Now I would like to briefly share some recent experiences of life in the sangha with you.
Office Work
Working in the office in Upper Hamlet, we read and respond to many emails with questions and requests of many kinds. Some are long, some quite short. Each of the friends’ writing is unique, with regards to their relationship to the spiritual practice and to Plum Village. That relationship is sometimes new, sometimes random; or it is deep and has great aspiration within it.
Mostly I feel inspired, drawn, to “listen” deeply to these emails. It is not a question of how much time I take for the email, but rather it relates to my quality of presence at that moment. I don’t imagine a face or something similar, but there is an intuition about that person which I lean on to some degree. Then I will respond in a way that is hopefully appropriate to that person. I want to keep the door of compassion open and to be open to the possibility of an authentic, unique connection, of inter-being. The work is nourishing and joyful.

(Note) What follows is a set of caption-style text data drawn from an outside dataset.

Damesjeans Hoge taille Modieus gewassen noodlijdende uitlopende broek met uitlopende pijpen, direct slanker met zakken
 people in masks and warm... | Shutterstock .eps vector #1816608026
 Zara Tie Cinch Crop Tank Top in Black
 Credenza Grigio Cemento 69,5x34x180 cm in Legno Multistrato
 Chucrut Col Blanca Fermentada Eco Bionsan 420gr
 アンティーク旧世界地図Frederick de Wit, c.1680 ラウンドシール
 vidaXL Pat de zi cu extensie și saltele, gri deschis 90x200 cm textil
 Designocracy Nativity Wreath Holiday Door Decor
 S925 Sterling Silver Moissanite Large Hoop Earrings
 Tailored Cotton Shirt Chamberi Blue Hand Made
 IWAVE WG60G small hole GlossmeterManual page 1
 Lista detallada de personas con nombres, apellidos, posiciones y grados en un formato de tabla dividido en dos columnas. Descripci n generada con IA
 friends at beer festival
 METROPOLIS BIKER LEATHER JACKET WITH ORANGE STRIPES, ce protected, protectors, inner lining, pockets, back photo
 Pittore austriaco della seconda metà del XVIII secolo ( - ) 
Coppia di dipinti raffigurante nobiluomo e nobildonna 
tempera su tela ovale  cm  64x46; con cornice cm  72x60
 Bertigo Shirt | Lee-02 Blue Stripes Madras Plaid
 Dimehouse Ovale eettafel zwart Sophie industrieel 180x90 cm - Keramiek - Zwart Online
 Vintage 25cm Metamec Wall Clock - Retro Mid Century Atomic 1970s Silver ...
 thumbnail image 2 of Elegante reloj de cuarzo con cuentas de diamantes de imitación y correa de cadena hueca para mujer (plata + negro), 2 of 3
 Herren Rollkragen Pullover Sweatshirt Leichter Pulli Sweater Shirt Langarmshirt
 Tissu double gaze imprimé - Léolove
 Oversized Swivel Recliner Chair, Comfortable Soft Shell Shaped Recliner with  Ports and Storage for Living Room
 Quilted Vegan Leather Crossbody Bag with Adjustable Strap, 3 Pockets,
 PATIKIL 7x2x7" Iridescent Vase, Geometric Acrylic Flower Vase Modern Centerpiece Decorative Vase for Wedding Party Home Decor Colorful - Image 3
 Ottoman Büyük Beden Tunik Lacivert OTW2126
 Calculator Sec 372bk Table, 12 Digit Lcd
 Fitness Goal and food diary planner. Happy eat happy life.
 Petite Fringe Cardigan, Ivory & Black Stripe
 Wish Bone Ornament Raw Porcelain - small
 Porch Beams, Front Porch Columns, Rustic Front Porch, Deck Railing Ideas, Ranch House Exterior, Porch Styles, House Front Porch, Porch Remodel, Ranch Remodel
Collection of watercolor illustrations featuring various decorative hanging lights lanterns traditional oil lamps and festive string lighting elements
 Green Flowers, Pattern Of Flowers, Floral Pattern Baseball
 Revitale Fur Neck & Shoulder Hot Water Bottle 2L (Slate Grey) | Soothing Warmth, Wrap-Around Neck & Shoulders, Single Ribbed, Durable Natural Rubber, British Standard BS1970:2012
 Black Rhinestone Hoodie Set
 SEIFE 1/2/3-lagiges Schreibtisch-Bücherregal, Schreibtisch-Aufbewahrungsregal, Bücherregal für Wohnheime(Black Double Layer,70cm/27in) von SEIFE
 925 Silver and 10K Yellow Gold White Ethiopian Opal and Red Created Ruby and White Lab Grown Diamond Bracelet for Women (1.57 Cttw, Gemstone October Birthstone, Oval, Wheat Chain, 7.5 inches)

One day I remembered Thay sharing on how in the sixties and seventies, before preparing and sending a care package for a child in his homeland, he looked deeply at the child’s photograph. Thay’s insight and compassion is certainly way beyond mine; still I feel connected to this and this is a direction I am inspired to go in.
Joyfully Together
I have seen a tendency in me to believe that we, as individuals, have to be pure, perfect, to be enlightened or truly happy. Looking at myself or others in such a grasping way, I see many problems, formations or knots in myself or others. How on earth can we reach well-being if there are so many knots and problems in us? I have an example, an image, for this grasping kind of thinking: When an acupuncturist doctor came to Plum Village, so many of the brothers and sisters went to consult her. A thought coming up in me at times was, it seems our brothers and sisters don’t have much faith in their capacity of self-healing.
I have experienced that in the sangha, by practicing mindfulness, concentration and insight, my way of looking at things changes for the better, and the insight arises that in Plum Village being a monastic is not only about oneself and that here we don’t have to be a perfect individual. So every day, I am encouraged or challenged to see the interconnection and not to get caught in the details, in fixations. Then I don’t need to think any more about the mistakes and problems that I perceive in individuals. Joyfully Together is the name of a book by Thay on communal living, and this pair of words describe that shift very well. Sangha life and Thay’s teachings give me plenty of opportunities to make that shift in my way of looking. Do you remember what I wrote above on composting? This is a similar process.
My Notebook
After months of not writing in my notebook, suddenly something comes to mind. I welcome it and write it down in order to later either distill short practices of insight out of the material or refine one I already have. Those are simple, short gathas, short phrases of insights (in the spirit of Buddhist meditation) that I can breathe with and look at things within my daily life.
Sometimes what I scribble down simply communicates something to myself or other people. In both cases the store consciousness gives me the words that inspire me, something that maybe fits for me, for us. If a detective read my notes, they could deduce what my mind has been focusing on and the fruit of the past weeks of practicing mindfulness, concentration and insight. The paragraphs above on Office Work and Joyfully Together have also manifested in that manner. Would you like to guess what I have been mindful of in the past months?